Organisms are the workflows that chain targets together. “Show me everything that needs attention before I commit” is make check-dirty followed by make test-all. An AI coding assistant can run these without needing to be told which repos exist or how to check them. The Makefile encodes that knowledge once.

This matters for vibe coding specifically. When you’re working with an AI that loses context (and they all do eventually), having a coordination layer that doesn’t depend on the model’s memory changes everything. The Makefile remembers the project structure and how to validate, so the model doesn’t have to. I still use it.

What I Took Away

The Gemini experiment taught me three things:

A big context window is not a plan. Long-context models can hold your entire codebase. That doesn’t mean they can track a multi-step migration across it. If you’re doing complex multi-repo work, give the model an external artifact to follow: a spec file, a checklist, a markdown document it can re-read. Don’t rely on it to hold the plan in its head.

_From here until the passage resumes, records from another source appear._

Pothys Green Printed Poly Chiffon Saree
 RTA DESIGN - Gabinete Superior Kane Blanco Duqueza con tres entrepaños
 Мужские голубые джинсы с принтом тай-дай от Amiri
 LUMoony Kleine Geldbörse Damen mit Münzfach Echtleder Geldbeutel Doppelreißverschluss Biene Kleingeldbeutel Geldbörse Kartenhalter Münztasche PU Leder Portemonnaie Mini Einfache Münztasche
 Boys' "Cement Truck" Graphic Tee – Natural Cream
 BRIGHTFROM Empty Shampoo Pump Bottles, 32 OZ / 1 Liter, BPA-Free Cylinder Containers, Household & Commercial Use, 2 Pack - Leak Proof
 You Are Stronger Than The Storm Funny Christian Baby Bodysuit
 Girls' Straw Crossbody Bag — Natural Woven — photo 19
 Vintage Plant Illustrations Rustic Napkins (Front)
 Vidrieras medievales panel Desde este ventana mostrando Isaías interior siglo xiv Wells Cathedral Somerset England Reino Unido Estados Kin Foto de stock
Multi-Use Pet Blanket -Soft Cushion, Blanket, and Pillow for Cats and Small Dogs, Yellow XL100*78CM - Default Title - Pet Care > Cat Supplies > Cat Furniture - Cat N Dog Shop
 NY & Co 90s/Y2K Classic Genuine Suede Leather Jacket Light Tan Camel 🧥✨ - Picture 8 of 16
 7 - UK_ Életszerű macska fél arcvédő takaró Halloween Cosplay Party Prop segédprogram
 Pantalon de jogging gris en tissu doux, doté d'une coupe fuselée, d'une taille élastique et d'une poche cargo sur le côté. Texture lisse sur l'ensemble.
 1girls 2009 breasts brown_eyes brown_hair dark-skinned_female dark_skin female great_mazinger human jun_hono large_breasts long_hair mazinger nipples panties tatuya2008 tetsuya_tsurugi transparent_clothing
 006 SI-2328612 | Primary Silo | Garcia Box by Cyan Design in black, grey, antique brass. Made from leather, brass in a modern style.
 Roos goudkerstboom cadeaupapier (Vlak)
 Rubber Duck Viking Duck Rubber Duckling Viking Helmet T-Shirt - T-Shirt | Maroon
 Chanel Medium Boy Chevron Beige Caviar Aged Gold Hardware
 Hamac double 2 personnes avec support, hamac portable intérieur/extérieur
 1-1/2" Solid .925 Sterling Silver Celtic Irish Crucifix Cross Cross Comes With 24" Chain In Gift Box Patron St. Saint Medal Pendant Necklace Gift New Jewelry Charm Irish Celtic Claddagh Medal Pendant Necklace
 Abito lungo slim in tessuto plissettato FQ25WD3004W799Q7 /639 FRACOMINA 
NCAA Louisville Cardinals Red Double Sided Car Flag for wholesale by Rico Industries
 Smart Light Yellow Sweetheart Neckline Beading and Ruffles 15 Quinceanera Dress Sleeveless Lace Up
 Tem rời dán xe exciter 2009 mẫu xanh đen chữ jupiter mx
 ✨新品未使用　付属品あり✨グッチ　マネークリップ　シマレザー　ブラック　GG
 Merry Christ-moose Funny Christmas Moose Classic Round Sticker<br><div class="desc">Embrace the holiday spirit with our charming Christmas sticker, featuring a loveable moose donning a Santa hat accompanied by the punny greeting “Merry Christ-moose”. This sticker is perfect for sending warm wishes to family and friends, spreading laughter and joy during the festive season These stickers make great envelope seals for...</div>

Verify independently, every time. When a model tells you the work is done, that’s a claim, not a fact. Run the tests. Check the imports. Read the diff. The ten minutes you spend verifying is cheaper than the hour you’ll spend debugging a broken commit you trusted.

Good ideas come from unexpected places. The Makefile wasn’t in the plan. It came from a model that couldn’t reliably follow a plan. But the idea of a coordination layer that encodes project structure so the model doesn’t have to remember it? That’s genuinely useful. It survived the session (barely), and it’s now part of how I work.

The session was messy, but it produced a cleaner architecture and a great idea. I’ll take it.